··· The input

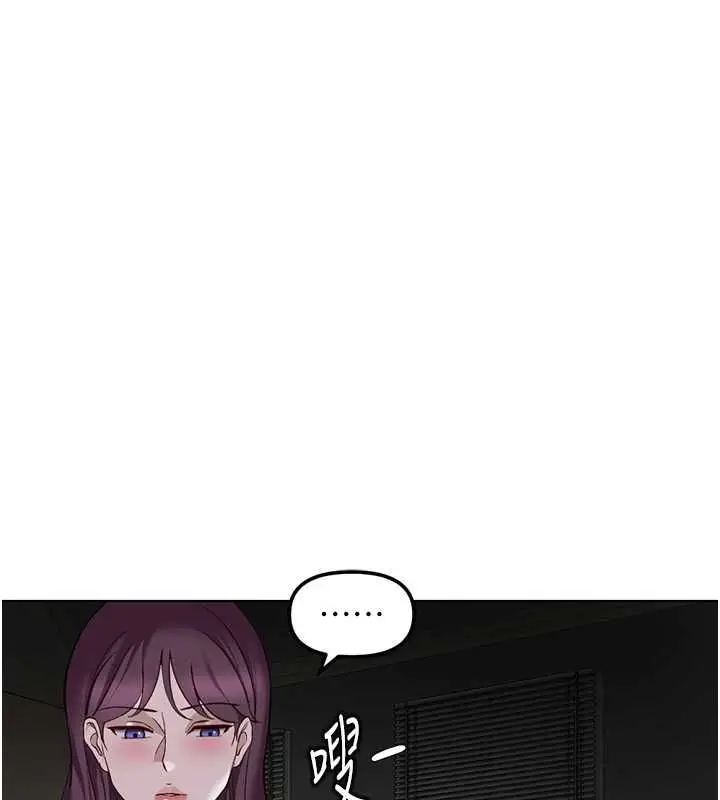 漫画《鲁蛇社畜的金手指》第79话第61张图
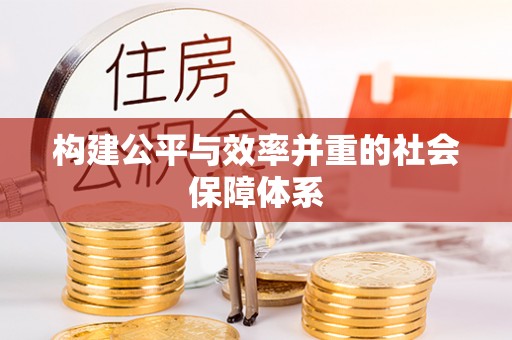 淄博构建公平与效率并重的社会保障体系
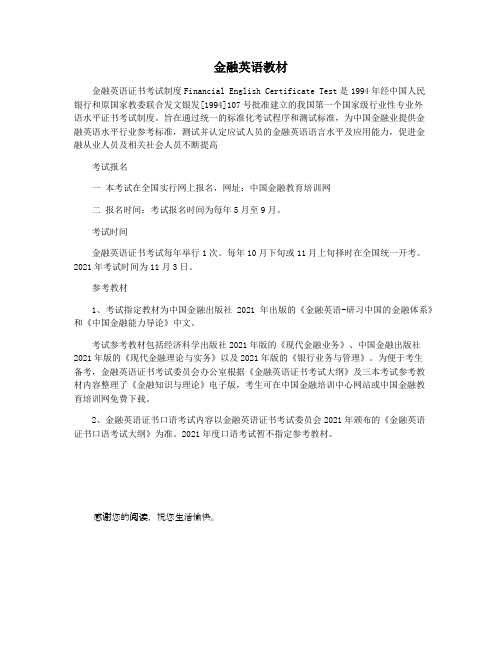 金融英语教材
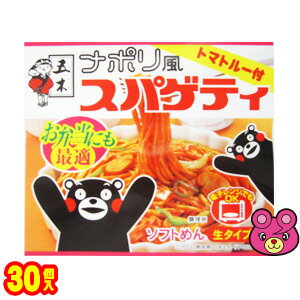 【1ケース】【くまモンパッケージ】 五木食品 ナポリ風スパゲティ 200g×30個 【北海道・沖縄・離島配送不可】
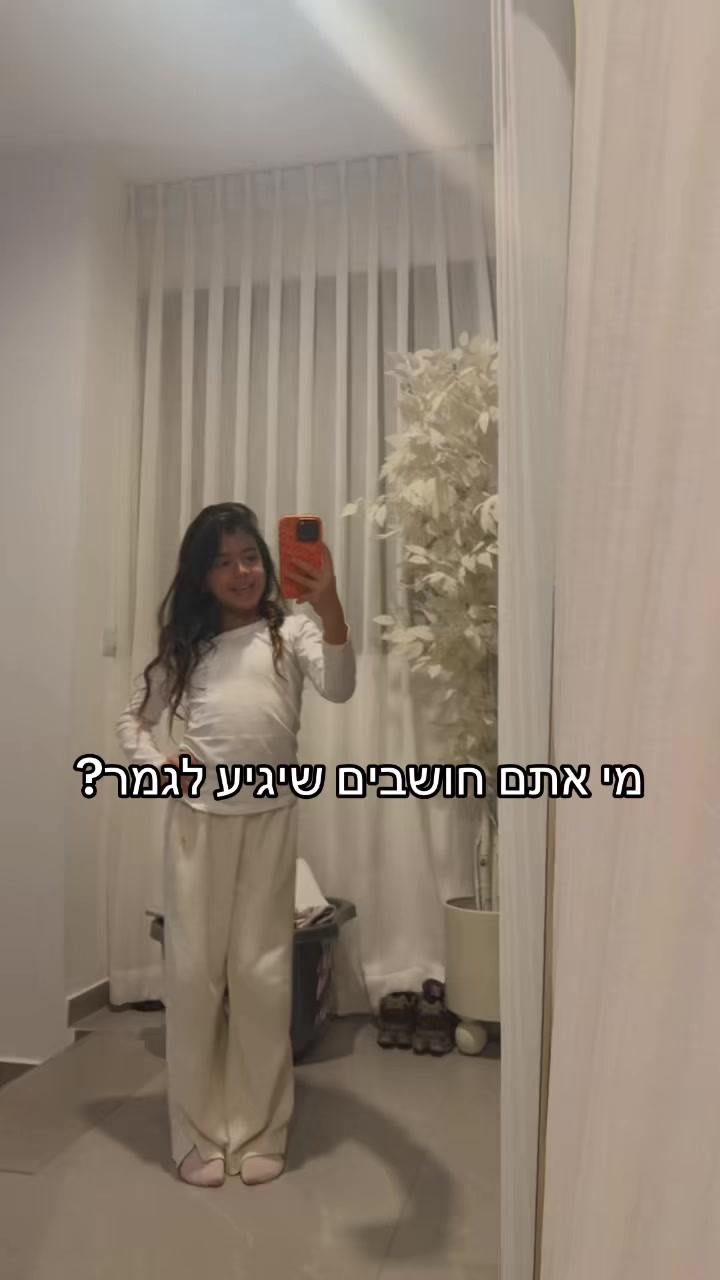 @אוריין❤️🫶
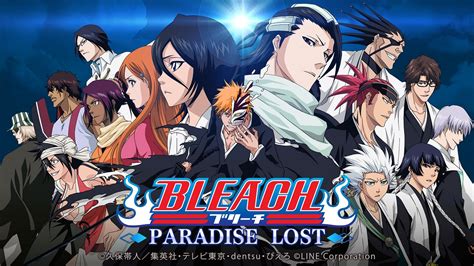 Bleach: Paradise Lost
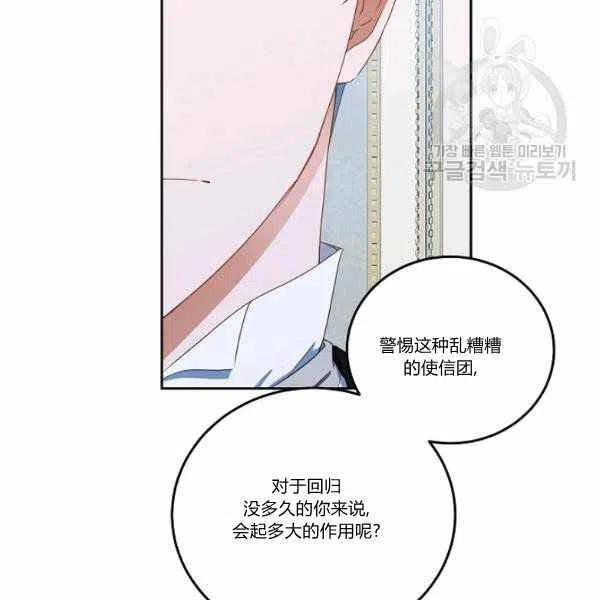 第44话110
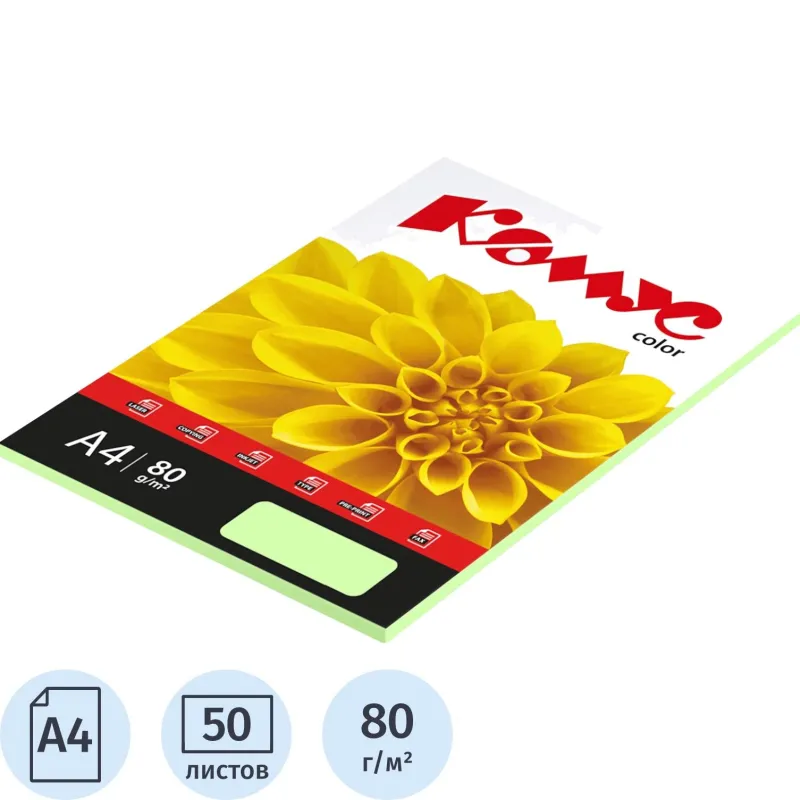 Бумага цветная Комус Color (зеленая пастель), 80г, А4, 50 л., 619951К
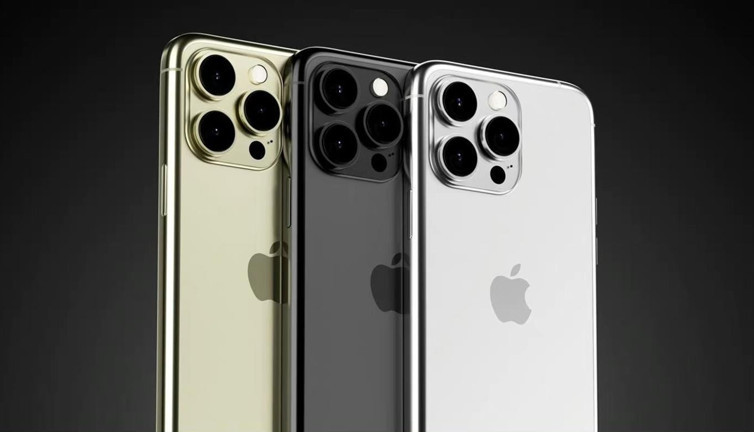iPhone15 tanıtılmadan iPhone 16 Pro'nun ilk bilgileri sızdı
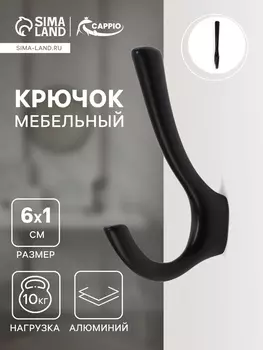 Крючок мебельный CAPPIO TKD029, двухрожковый, цвет черный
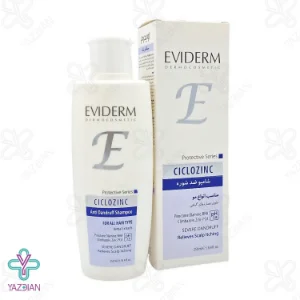 شامپو ضدشوره قوی انواع مو سیکلوزینک اویدرم - 250 میلی لیتر	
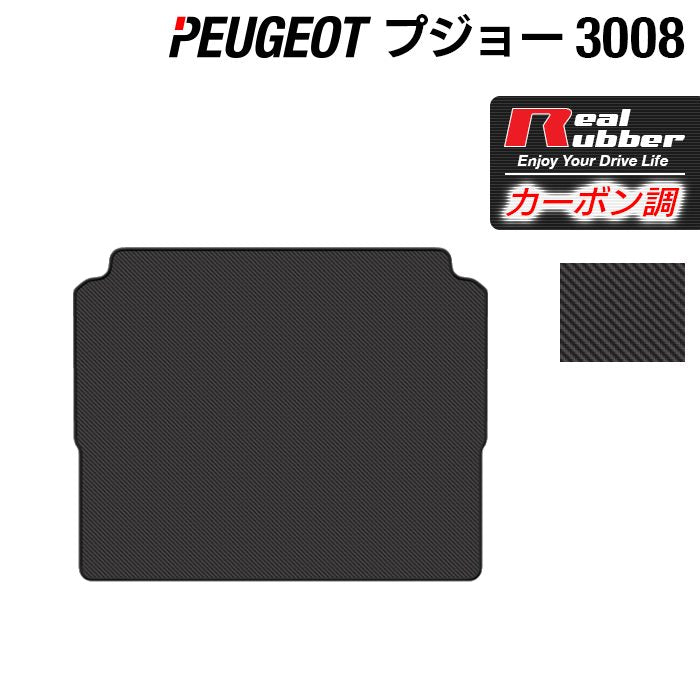 PEUGEOT プジョー 3008 トランクマット ラゲッジマット ◆カーボンファイバー調 リアルラバー 日本製 HOTFIELD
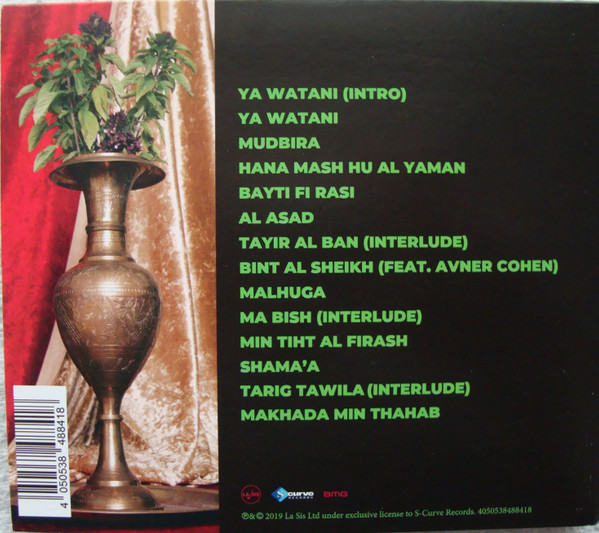 A-WA – Bayti Fi Rasi (2019) – Foto 1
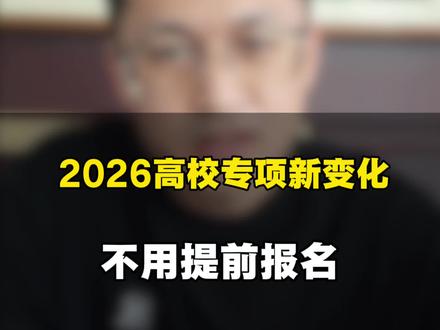 2026高校专项计划新变化 资格认定与国家专项和地方专项一起认定,无需提前在阳光高考网报名,资格认定表填完后等6月再填志愿#志愿填报 #高校专项计划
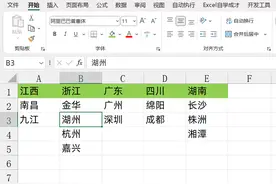 制作2级联动下拉菜单，1分钟搞定，快来学吧！图片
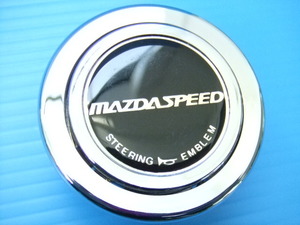 当時物 ほぼ新品 マツダ スピード メッキ ホーンボタン MAZDA SPEED 旧車 昭和 ビンテージ マツダスピード MAZDASPEED ホーンスイッチ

······

**Work item:**
Please print each of the records word for word, keeping the pictures out.

**Completed task:**
 漫画《鲁蛇社畜的金手指》第79话第61张图
 淄博构建公平与效率并重的社会保障体系
 金融英语教材
 【1ケース】【くまモンパッケージ】 五木食品 ナポリ風スパゲティ 200g×30個 【北海道・沖縄・離島配送不可】
 @אוריין❤️🫶
 Bleach: Paradise Lost
 第44话110
 Бумага цветная Комус Color (зеленая пастель), 80г, А4, 50 л., 619951К
iPhone15 tanıtılmadan iPhone 16 Pro'nun ilk bilgileri sızdı
 Крючок мебельный CAPPIO TKD029, двухрожковый, цвет черный
 شامپو ضدشوره قوی انواع مو سیکلوزینک اویدرم - 250 میلی لیتر	
 PEUGEOT プジョー 3008 トランクマット ラゲッジマット ◆カーボンファイバー調 リアルラバー 日本製 HOTFIELD
 A-WA – Bayti Fi Rasi (2019) – Foto 1
 2026高校专项计划新变化 资格认定与国家专项和地方专项一起认定,无需提前在阳光高考网报名,资格认定表填完后等6月再填志愿#志愿填报 #高校专项计划
 制作2级联动下拉菜单，1分钟搞定，快来学吧！图片
 当時物 ほぼ新品 マツダ スピード メッキ ホーンボタン MAZDA SPEED 旧車 昭和 ビンテージ マツダスピード MAZDASPEED ホーンスイッチ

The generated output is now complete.